# Data for the task:
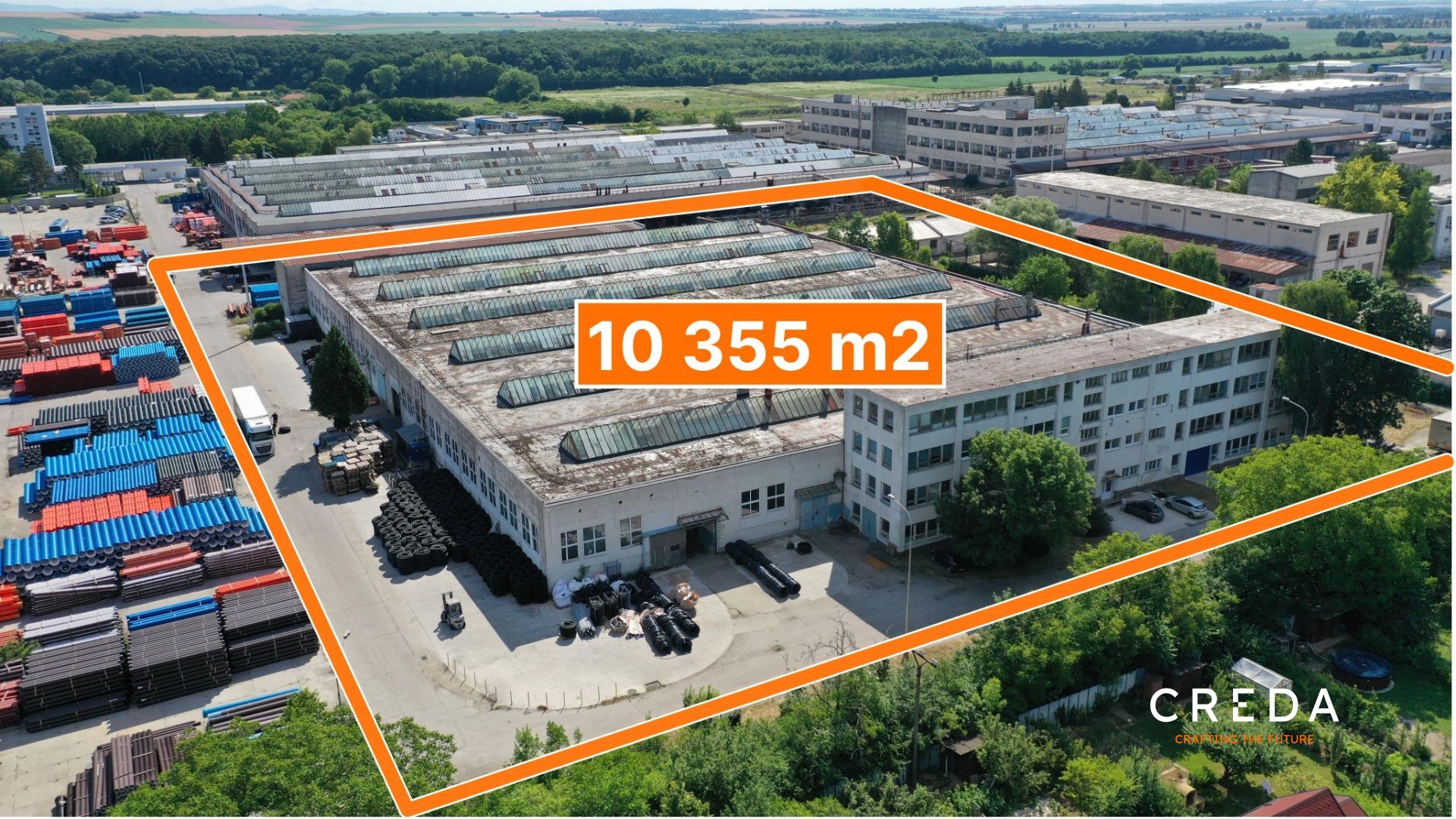 CREDA | predaj 10 355 m2 výrobná hala so žeriavmi, Nitra - Dolné Krškany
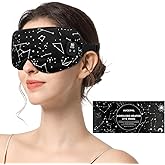 Heated Eye Mask, Cordless Warm Eye Compress for Dry Eyes Blepharitis, Stye Eye Treatment with 4 Heating Levels & 4 Timer Settings, Detachable & Washable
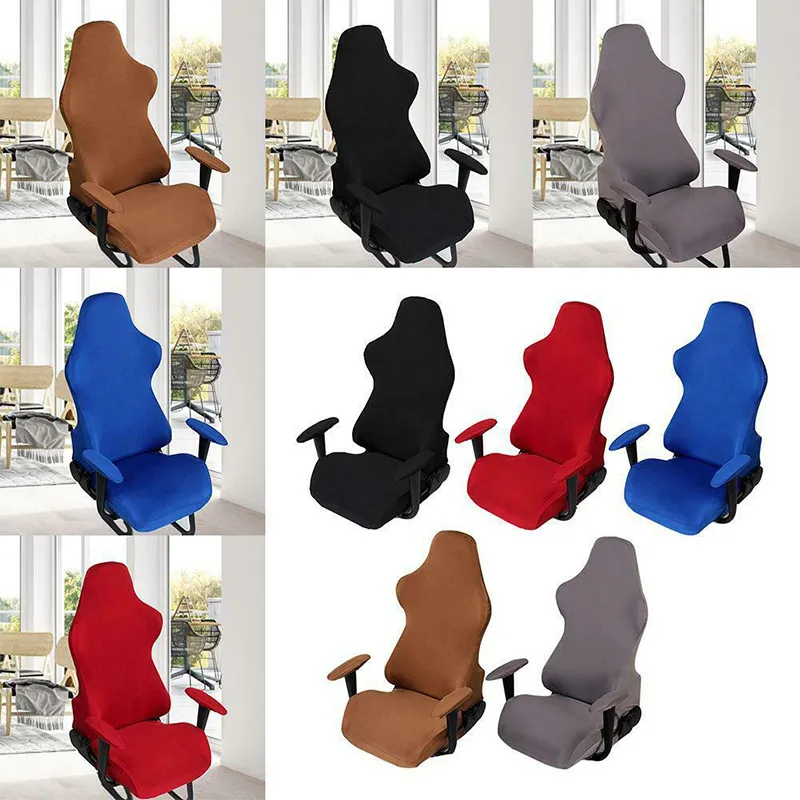 

Chair Cover Game Room e-Sports Swivel Chair Slipcover with Armrest Cover H99F
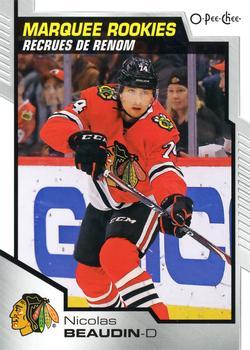#526 Nicolas Beaudin - Chicago Blackhawks - 2020-21 O-Pee-Chee Hockey
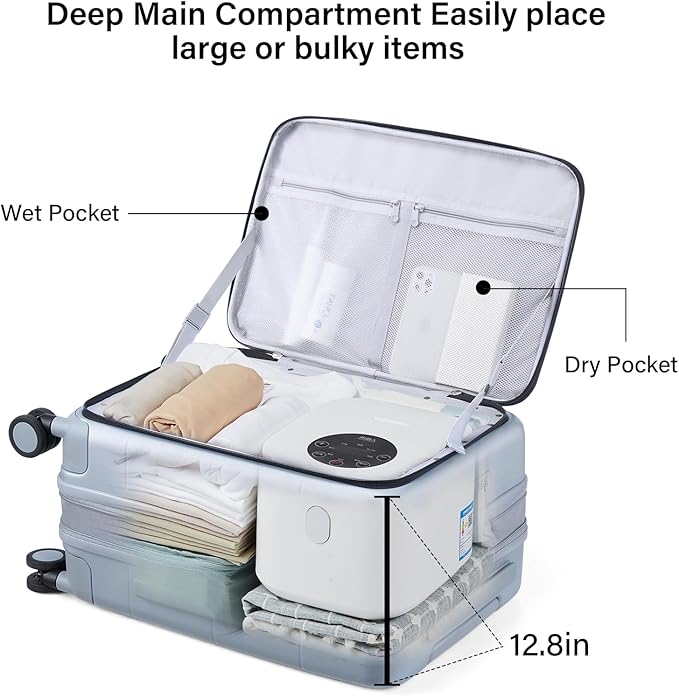 Hanke Hardside Expandable Checked Luggage, 24 Inch Top Opening Trunk Luggages - Image 5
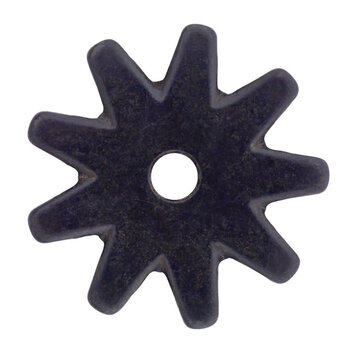 Cowboy Tack Black Satin 9 Point Rowels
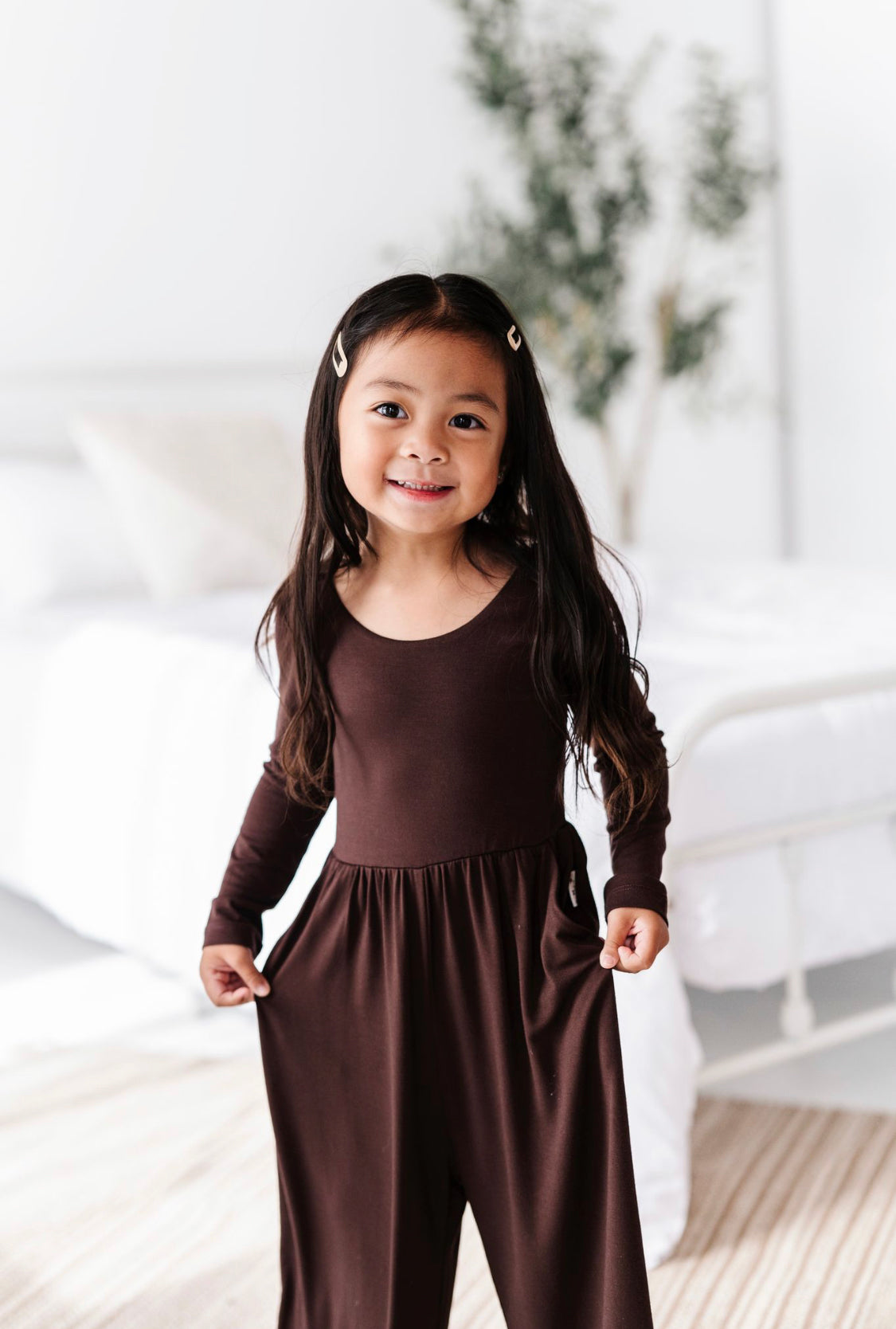 Espresso Neutrals Wide Leg Romper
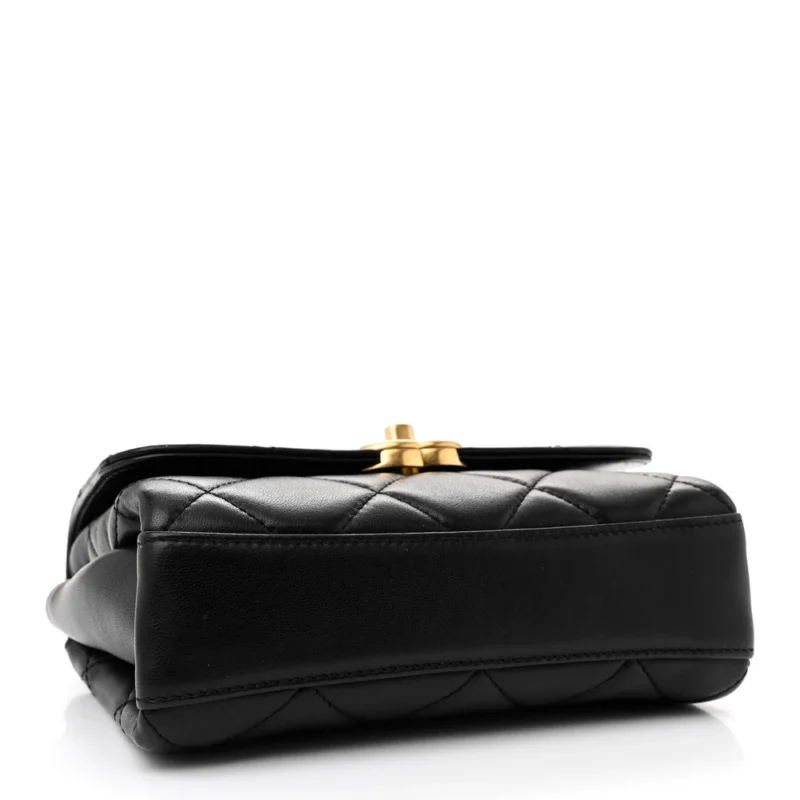 MINI FLAP BAG | QUALITY HANDBAGS QUILTED LAMBSKIN LEATHER SHOULDER BAGS - Image 6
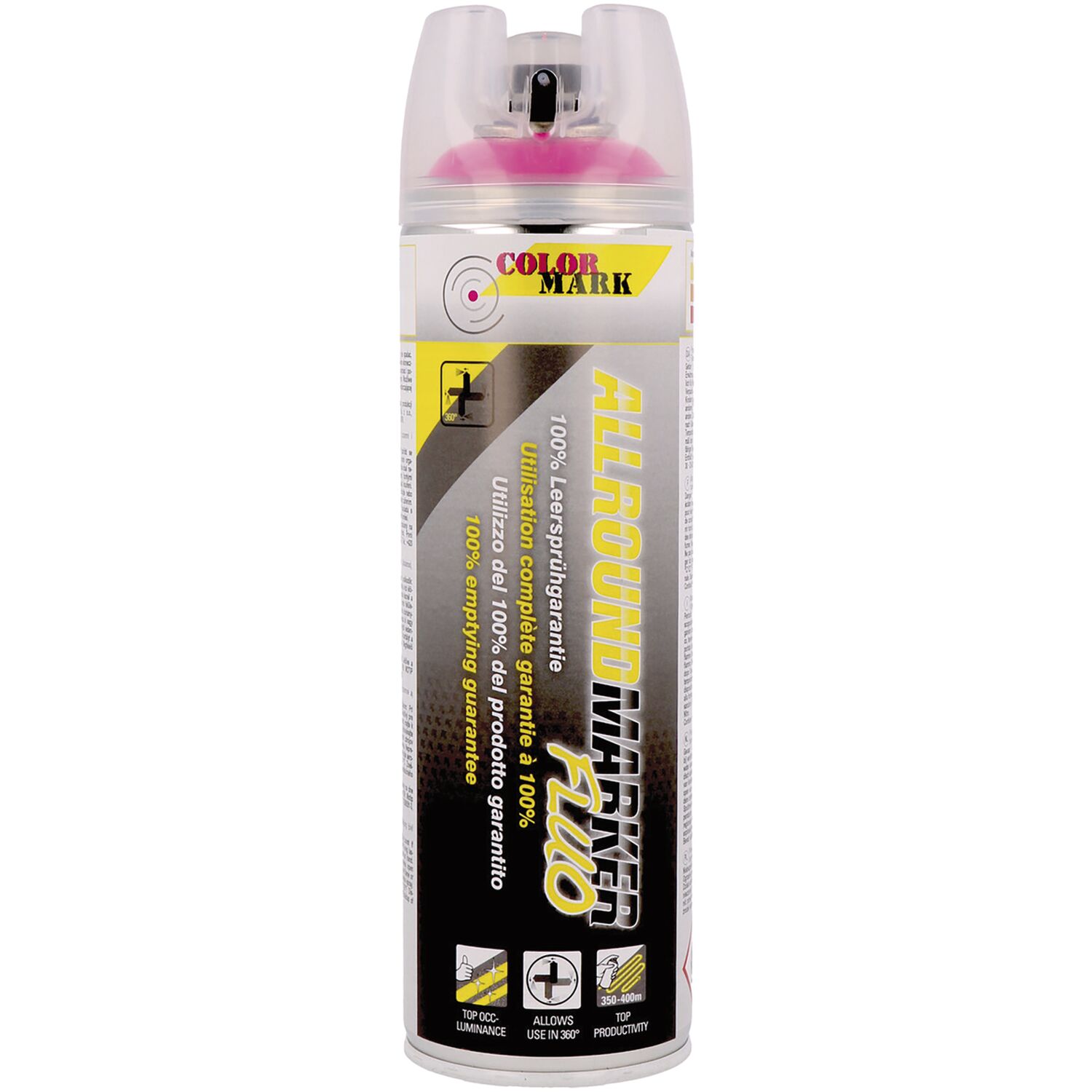 Dupli-Color ColorMark Allroundmarker mit 360°-Ventil leuchtpink (500 ml)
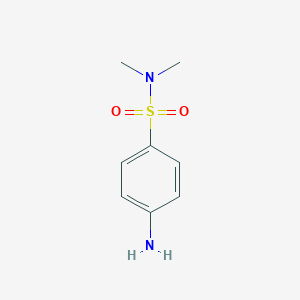 molecular formula C8H12N2O2S B159138 4-氨基-N,N-二甲基苯磺酰胺 CAS No. 1709-59-7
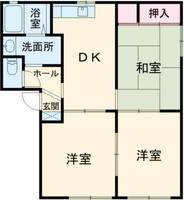 シャーメゾンみのりAの間取り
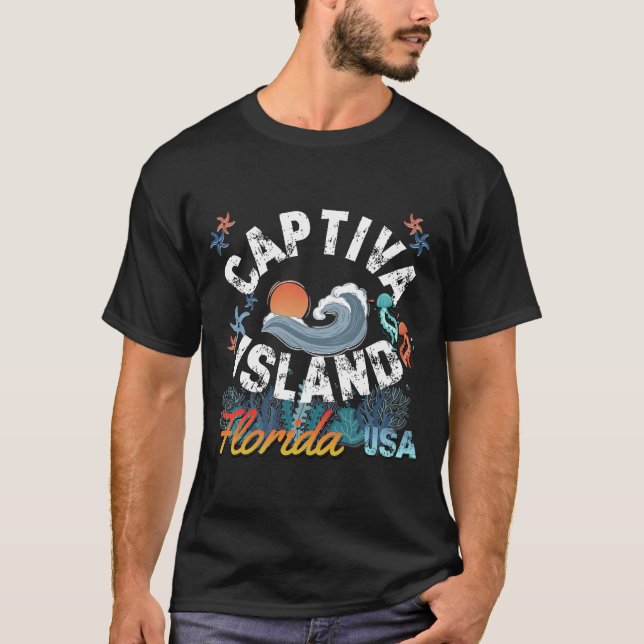 Camiseta Ilha Captiva, Flórida (Frente)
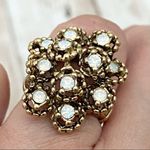 Vintage Unsigned Cocktail Ring 6 Photo 2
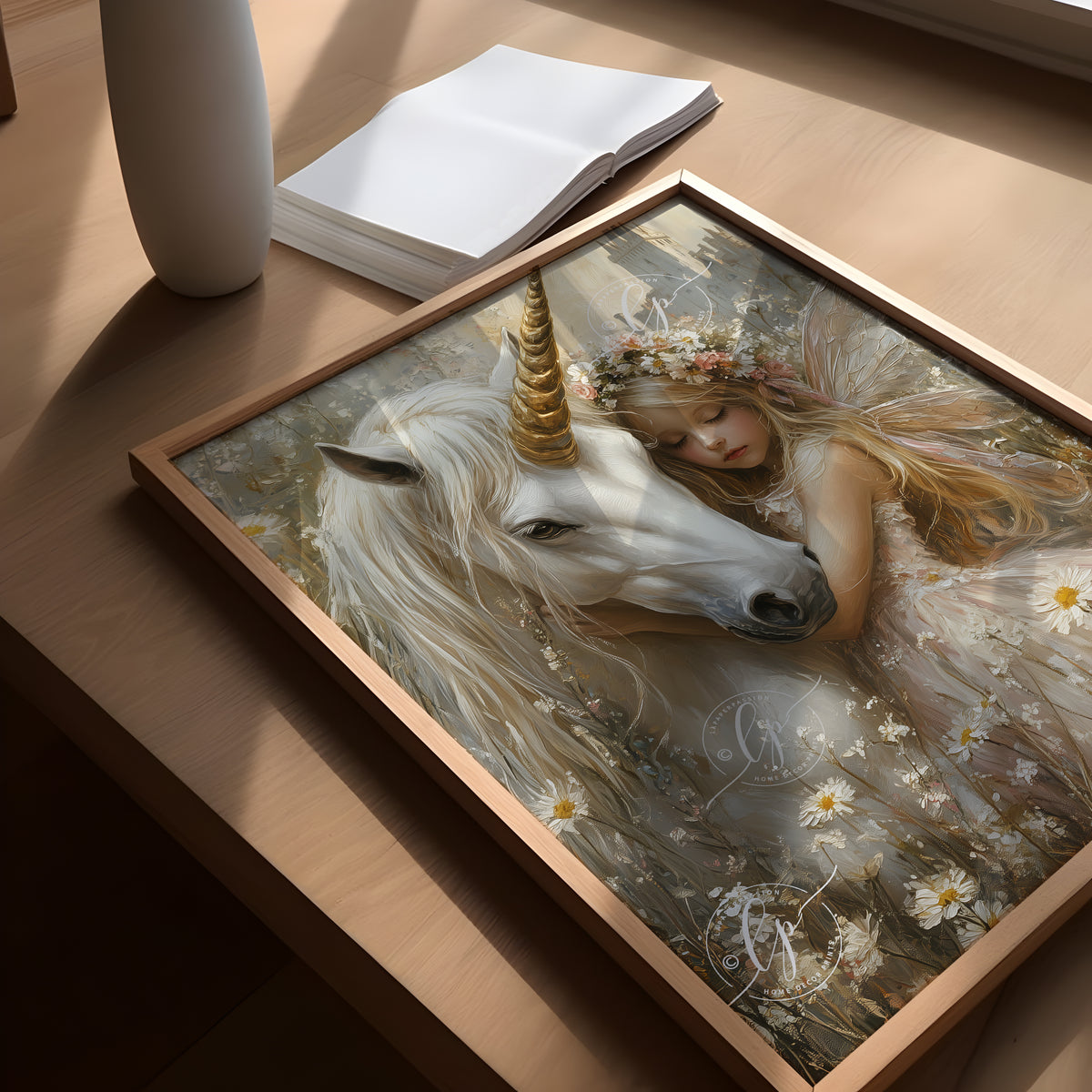 Fairy Nursery wall Art | Unicorn Art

# Your instructions:
Copy only the lines running from the one that holds "Camiseta Ilha Captiva, Flórida (Frente)" through the last line of the data, and include both of those lines. Do not copy any pictures.

# Finished exercise:
 Camiseta Ilha Captiva, Flórida (Frente)
 Vintage Unsigned Cocktail Ring 6 Photo 2
 Fairy Nursery wall Art | Unicorn Art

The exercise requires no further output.